The IMF Corporate Welfare Machine

excerpts from the book

Corporate Predators

by Russel Mokhiber and Robert Weissman

Common Courage Press, 1999


In a Congress eager to do the bidding of Big Business, an item atop the Chamber of Commerce's corporate welfare agenda is in serious jeopardy.

The Establishment leadership of the House of Representatives has delayed consideration of a gigantic funding request for the International Monetary Fund (IMF), fearful that it cannot muster the votes for passage. The insatiable IMF- a multilateral institution that lends money to countries when they are unable to pay foreign creditors-is asking for $18 billion from the United States, part of a $90 billion proposed expansion.

Now Big Business is growing increasingly worried that IMF funding, which it once considered a lock, may not be approved. In an effort to solidify support for IMF corporate welfare, the National Association of Manufacturers, the U.S. Chamber of Commerce and the Business Roundtable are all stepping up their lobbying efforts.

In a letter to members of Congress, the Chamber even alleged that "continued U.S. economic prosperity may hinge on Congressional backing of the IMF."

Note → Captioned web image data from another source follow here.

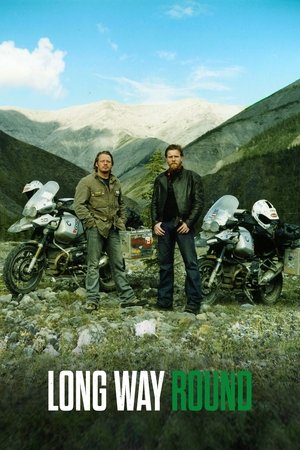Долгий путь вокруг Земли (сериал, 2012)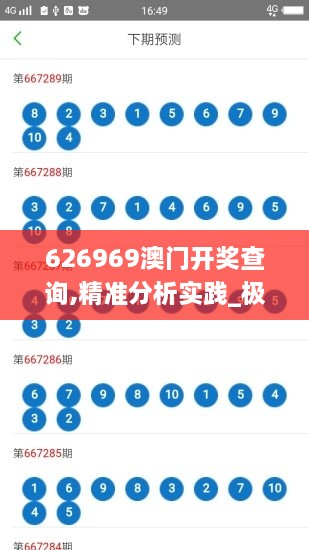 626969澳门开奖查询,精准分析实践_极速版KDV1.84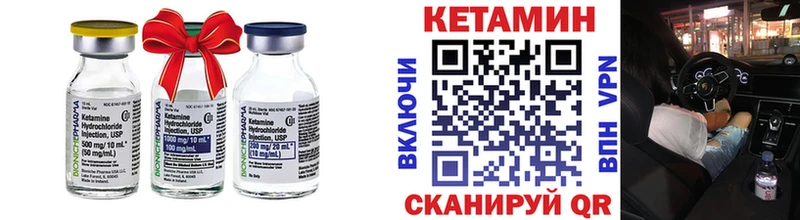 КЕТАМИН ketamine  Купить где  Сокол 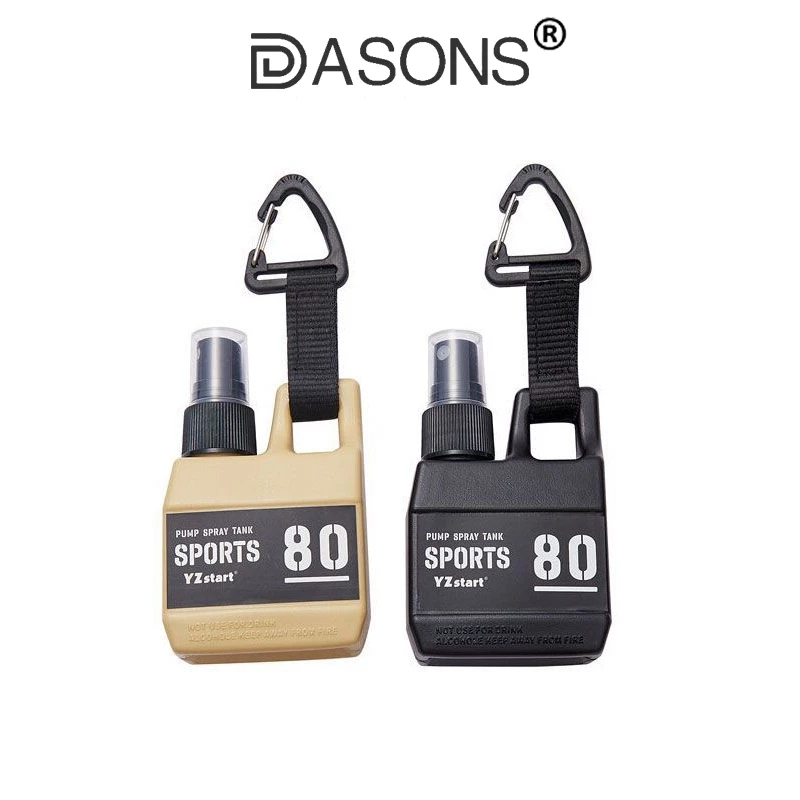 DASONS - 80ml戶外便攜噴霧瓶 按壓式塑膠噴霧瓶 酒精消毒水分裝 補水小噴瓶帶鑰匙圈 酒精噴霧瓶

That is quite an astounding claim. The basis of the Chamber's argument is that the IMF helps foreign economies, which in turn buy from the United States. But the IMF has an abysmal record in promoting growth in countries whose economies it has supervised. In order to receive loans from the IMF, countries have to agree to the Fund's conditions, including sharp budget cuts, increased interest rates, regressive tax increases, currency devaluation and other measures which typically throw poor countries into recession.

No, Corporate America is not backing the IMF for the good of the U.S economy. When the IMF forces Third World countries to become low-wage exporters of manufactured goods, that does not help the U.S. economy. IMF policies help shift

manufacturing jobs out of the United States and put downward pressure on the wages of jobs that remain in the United States.

Big Business has made IMF expansion a priority because, for them, the IMF is a multi-pronged welfare machine.

First, the IMF bails out big banks and foreign investors when they make bad loans in developing countries-investments that are understood to be risky at the time they were made, and earn more as a result.

In 1995, the IMF contributed almost $18 billion to a Clinton administration bailout of the Wall Street interests who stood to lose billions with the peso devaluation in Mexico. Last year and early this year, the Fund orchestrated a massive bailout of the big banks that made bad loans to Asian countries. About the only pain felt by the banks was the need to reschedule short-term loans. Now the IMF has done it again, bailing out foreign investors in Russia with an $11 billion package that will go straight into the pockets of foreign lenders.

Second, the IMF forces poor countries to discard economic policies and regulations that limit the power of domestic and especially foreign corporations. That makes it easier for U.S. and other multinational companies to benefit from low wages and other perks-like weak environmental regulations-of operating in much of the developing world.

And finally, the IMF is intent on expanding its powers, so that member countries remove all restrictions on the inflow and outflow of money-what the IMF calls "capital account liberalization." This will help banks and financial corporations make super-profits in troubled economies like Russia's. Such assistance would be especially perverse given the fact that, in the event of a troubled economy's collapse, the IMF provides those investors with free, de facto insurance.

Increasingly, members of Congress are coming to see the flaws in the IMF. Many Republicans in the House of Representatives have seen the flaws in the IMF bailouts-they understand that each bailout enables more imprudent behavior by Wall Street-and are opposing IMF expansion. Now, a growing number of Democrats are coming around to the view that an institution with such a horrid record does not merit a $90 billion expansion, with the United States footing the bill for $18 billion.

The challenge now is for the bipartisan group of IMF opponents to maintain their strength in the face of the Big Business lobbying blitz to come.

[As the legislative session wound to a close in 1998, the Clinton White House and congressional Republicans entered into negotiations over an "omnibus" appropriations bill to fund a wide array of government activities. Those factions of the Republican Party that opposed IMF funding yielded, and the deal cut between then-Speaker of the House Newt Gingrich, Senate Majority Leader Trent Lott and the Clinton administration included $18 billion for the IMF.]